Data provided below:
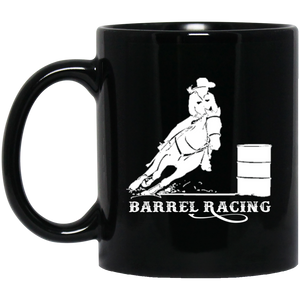 BARREL RACING STYLE 1 (WHITE) 4HORSE BM11OZ 11oz Black Mug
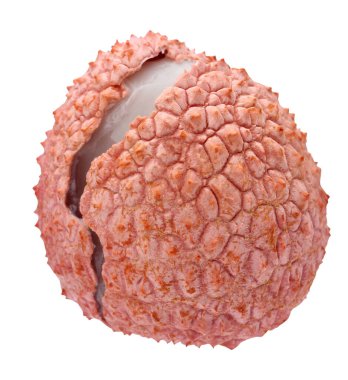 Lychee kırpma yolu olan beyaz bir arkaplanda izole edildi.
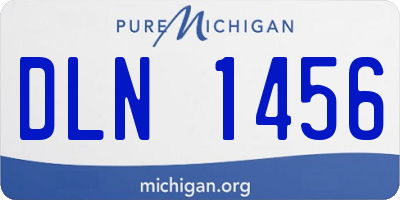 MI license plate DLN1456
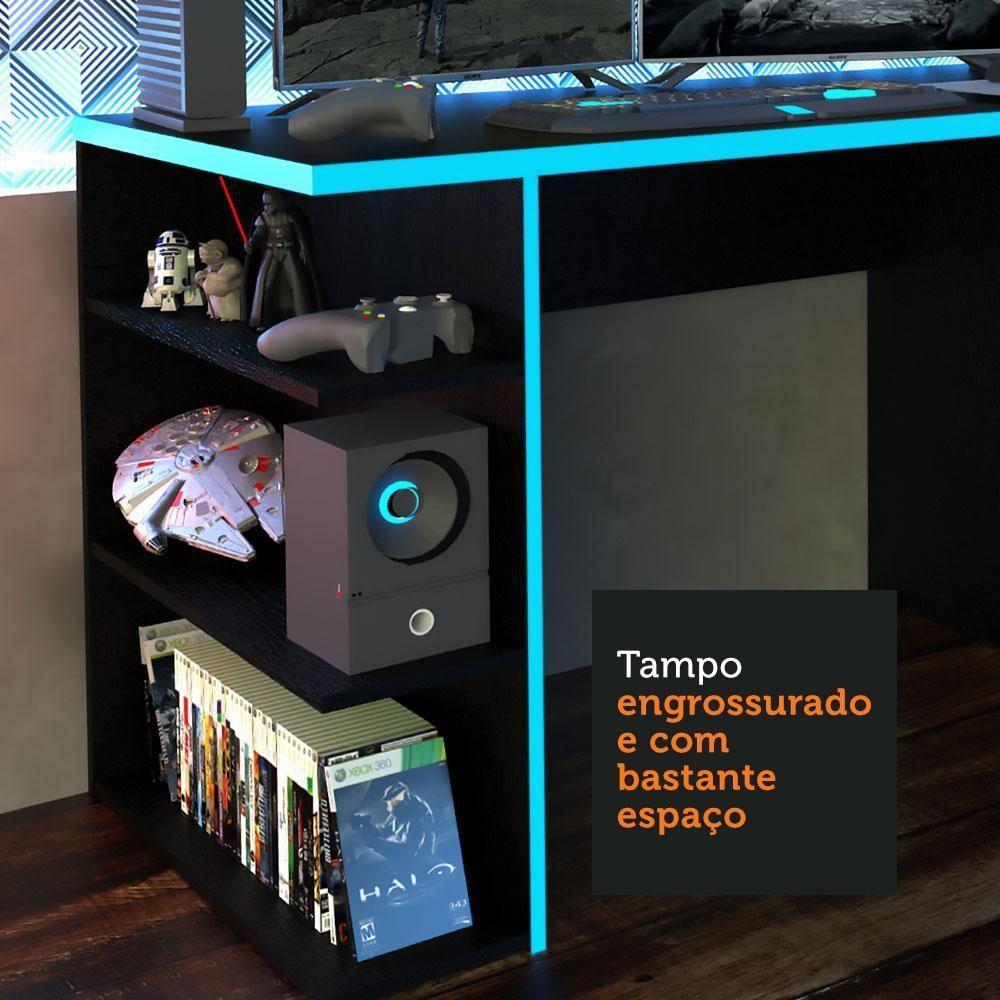 Mesa Computador Gamer Madesa 9409 - Preto/azul Preto - 3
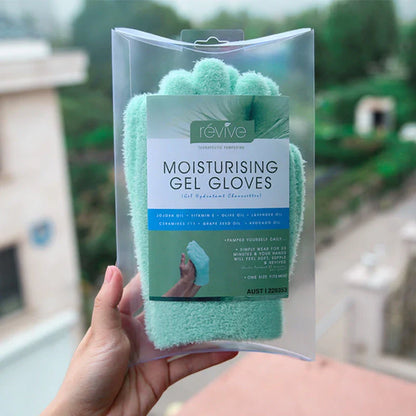 Premium moisturizing spa gloves and socks with vitamin E and essential oils to soften and rejuvenate dry, cracked skin on hands and feet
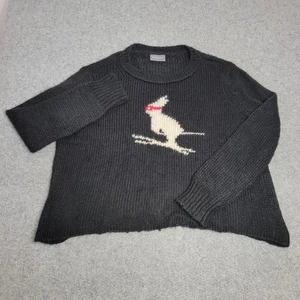 Wooden Ships Pullover Damen XS/S grau Mohair Mischung Kaninchen Grafik Strickpullover - Bild 1 von 12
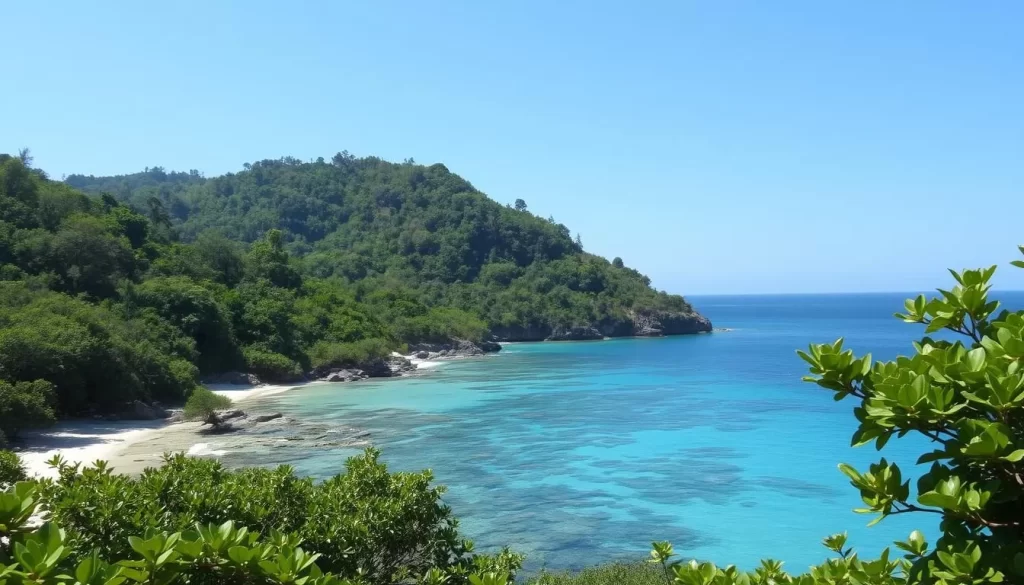 Image of Matema Beach with clear waters and lush greenery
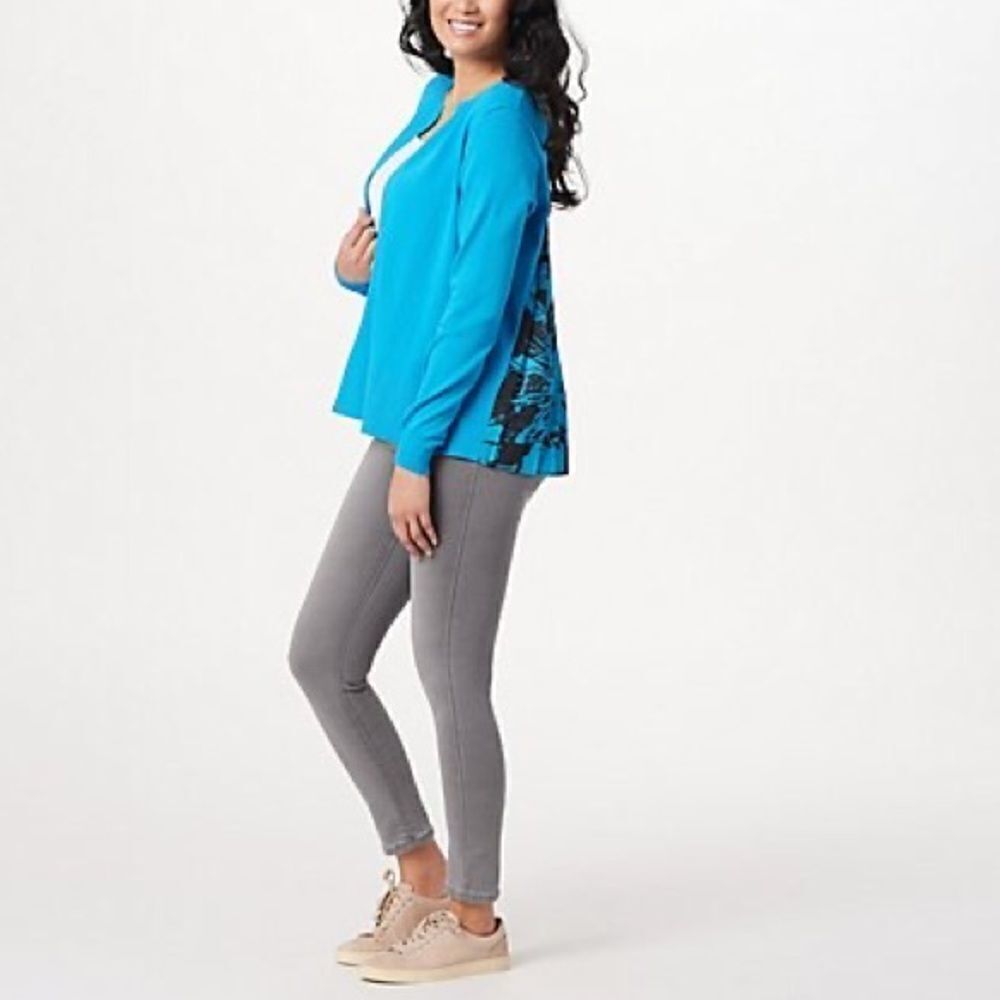 Truth + Style Cardigan with Woven Pleated Back Print Detail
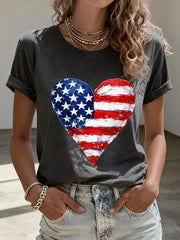Women's American Heart Print T-Shirt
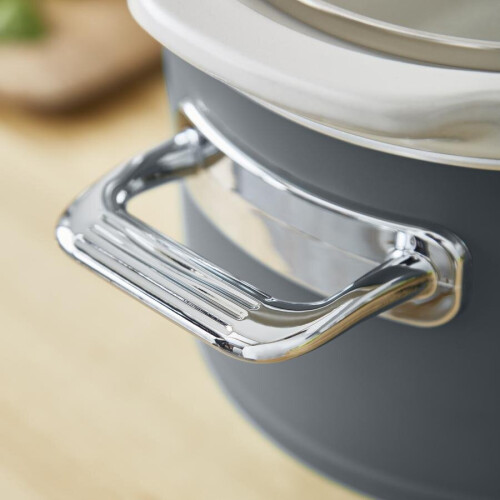 Swan Swan 3.5L Nordic Slow Cooker 200W Removable Inner Pot Low/High Settings Glass Lid - Slate Grey 2
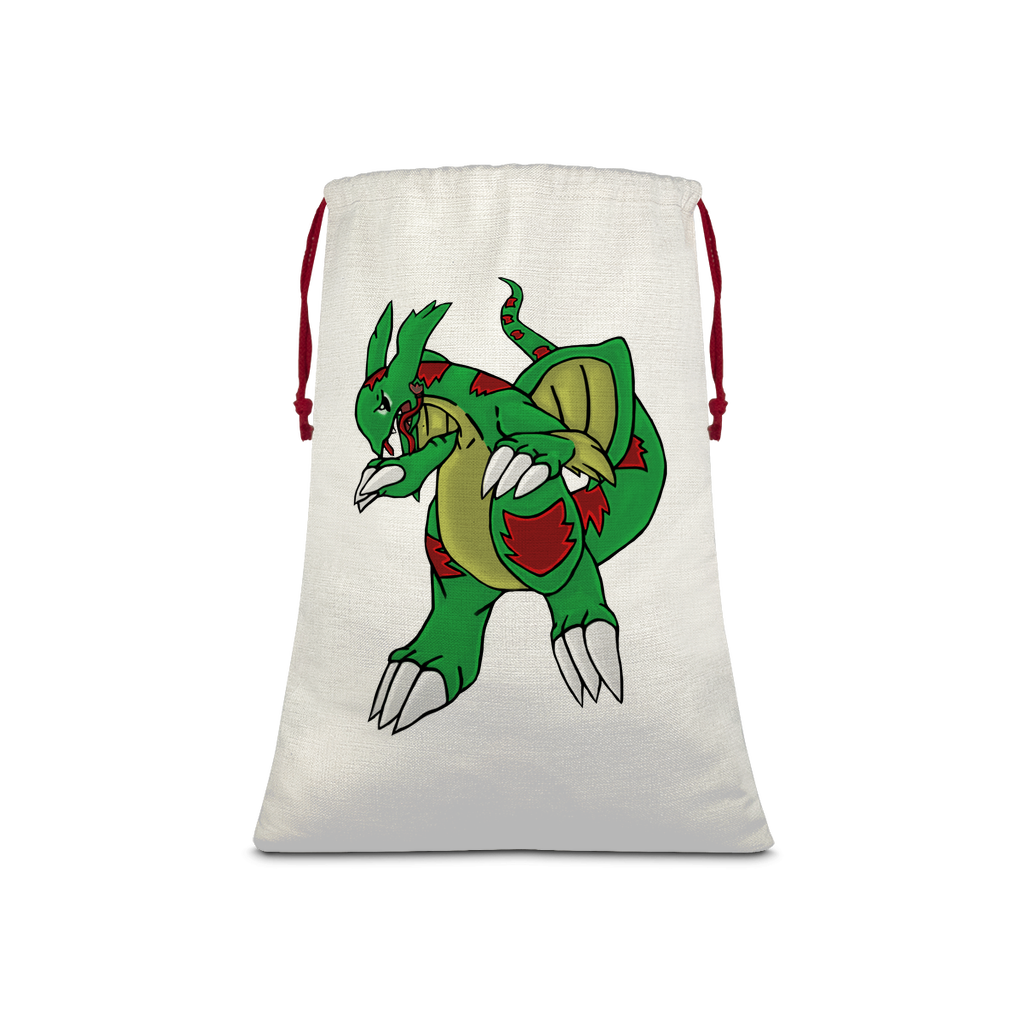 Draggor Sublimation Linen Drawstring Sack with red drawstring, showcasing its linen effect and eco-friendly print.
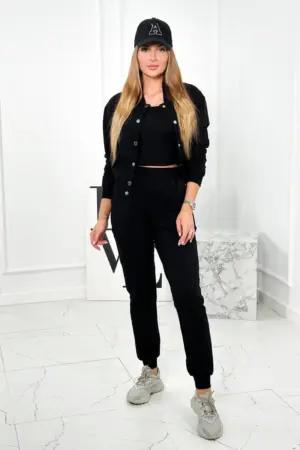 Set 3 in 1 sweatshirt with press studs + top + pants black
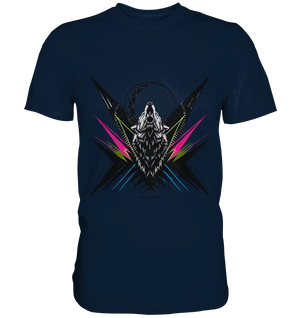 Heulender Wolf – Geometrisches Kunstwerk - Premium Shirt Bright Lights Arts
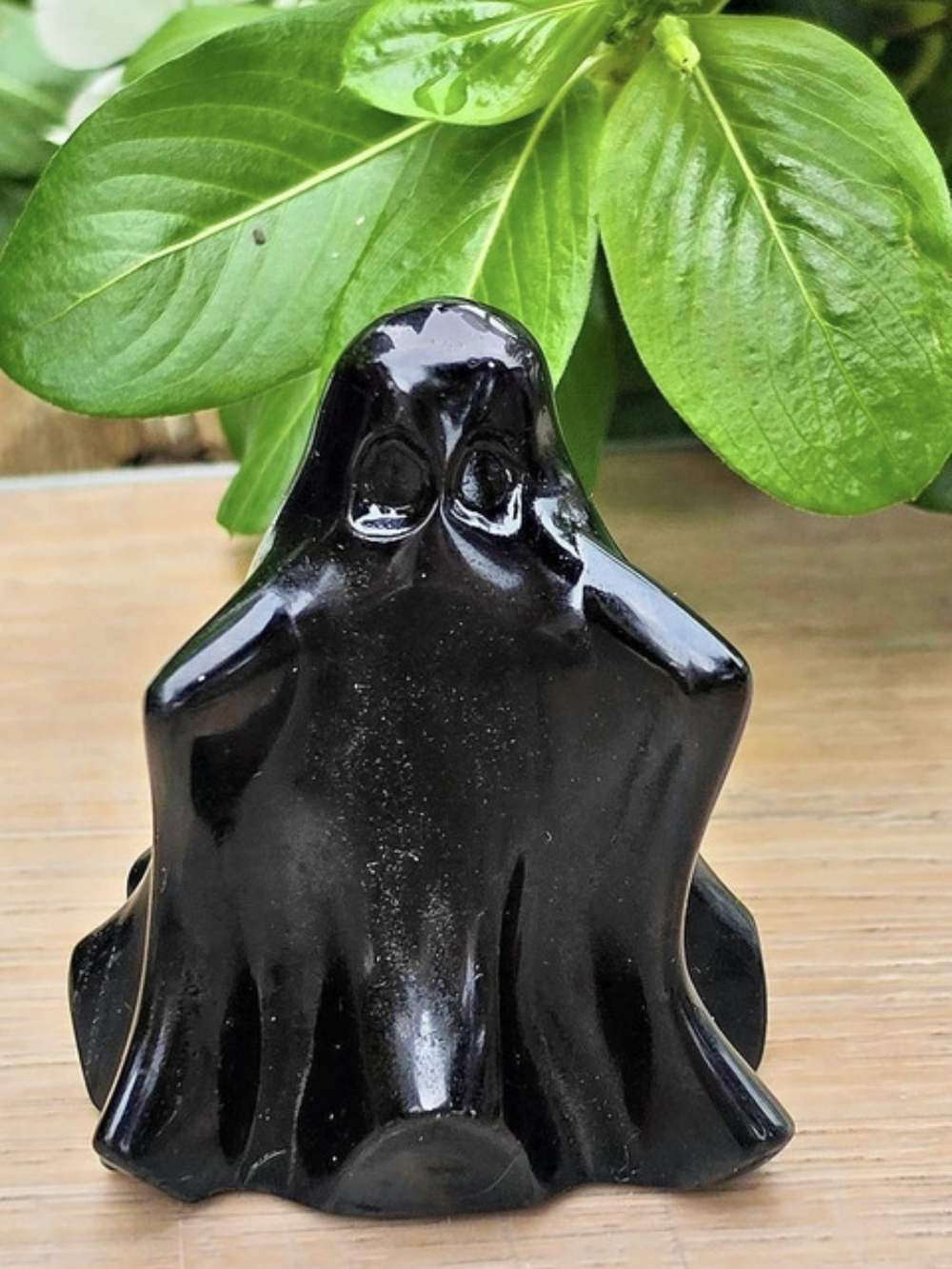 Black Obsidian Crystal Ghost Figurine Decor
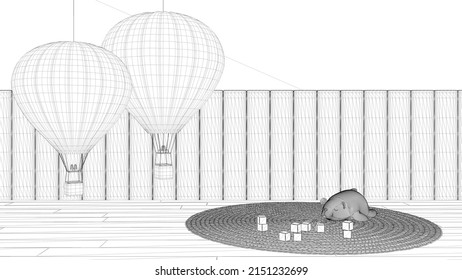 Blueprint project draft, children bedroom background, parquet floor, velvet wall panel, colored hot air balloons, round capet with teddy bear and wooden toys. Interior design, 3d illustration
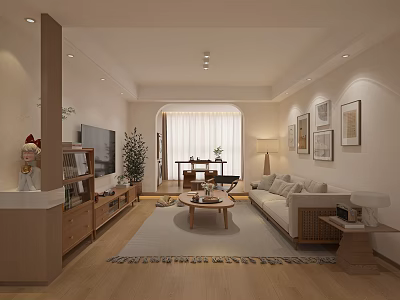 Modern Living and Dining Room Interior With Wooden Sofa Coffee Table And Decorative Paintings 3d model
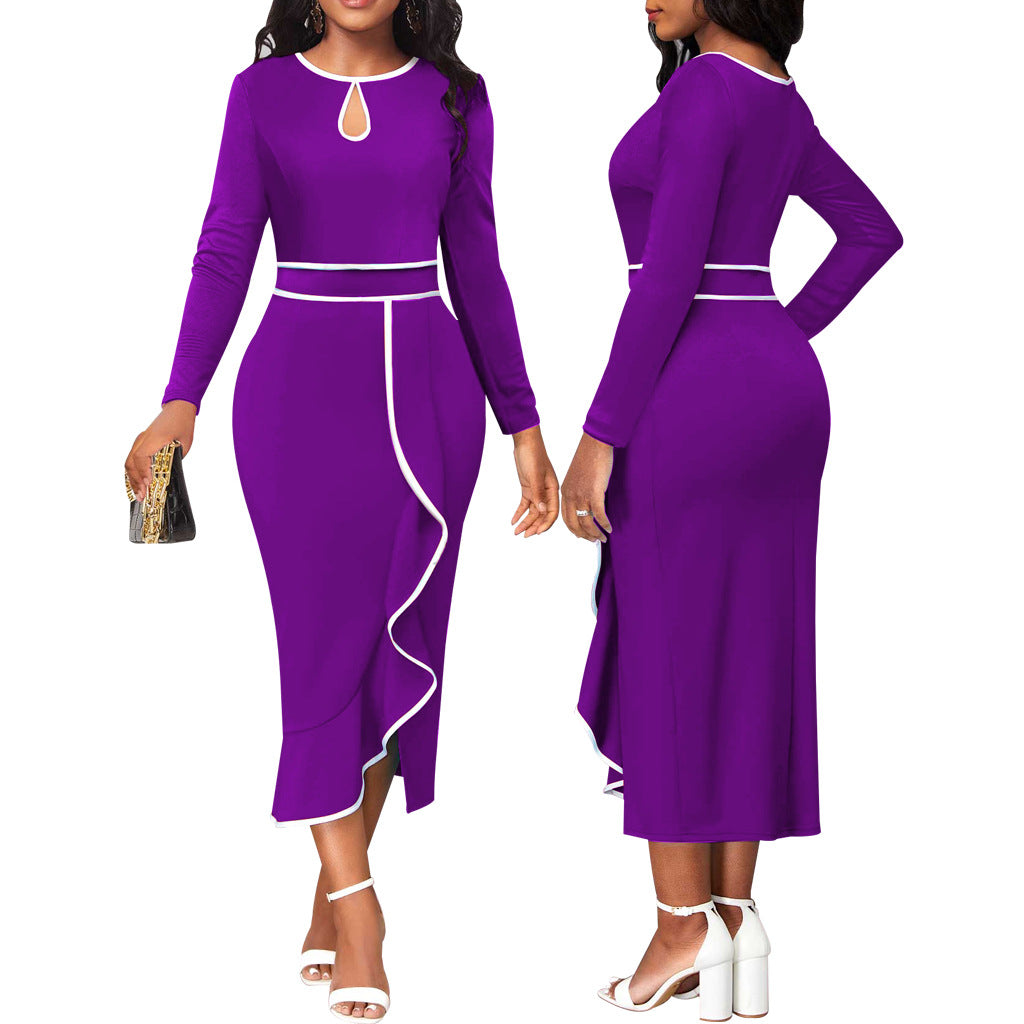 Lotus Leaf Women's Clothing Dress Long Sleeve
End of Data provided.
- _Work instruction_: Exactly reproduce the lines that run from the first line of the listing above to the line containing "Blueprint project draft, children", including both; omit the pictures.

- _Answer to this exercise_:
 BARREL RACING STYLE 1 (WHITE) 4HORSE BM11OZ 11oz Black Mug
 Lychee kırpma yolu olan beyaz bir arkaplanda izole edildi.
 MI license plate DLN1456
 Mesa Computador Gamer Madesa 9409 - Preto/azul Preto - 3
 Premium moisturizing spa gloves and socks with vitamin E and essential oils to soften and rejuvenate dry, cracked skin on hands and feet
 Wooden Ships Pullover Damen XS/S grau Mohair Mischung Kaninchen Grafik Strickpullover - Bild 1 von 12
 Image of Matema Beach with clear waters and lush greenery
 Truth + Style Cardigan with Woven Pleated Back Print Detail
Women's American Heart Print T-Shirt
 Swan Swan 3.5L Nordic Slow Cooker 200W Removable Inner Pot Low/High Settings Glass Lid - Slate Grey 2
 Draggor Sublimation Linen Drawstring Sack with red drawstring, showcasing its linen effect and eco-friendly print.
 Set 3 in 1 sweatshirt with press studs + top + pants black
 Heulender Wolf – Geometrisches Kunstwerk - Premium Shirt Bright Lights Arts
 Black Obsidian Crystal Ghost Figurine Decor
 Blueprint project draft, children bedroom background, parquet floor, velvet wall panel, colored hot air balloons, round capet with teddy bear and wooden toys. Interior design, 3d illustration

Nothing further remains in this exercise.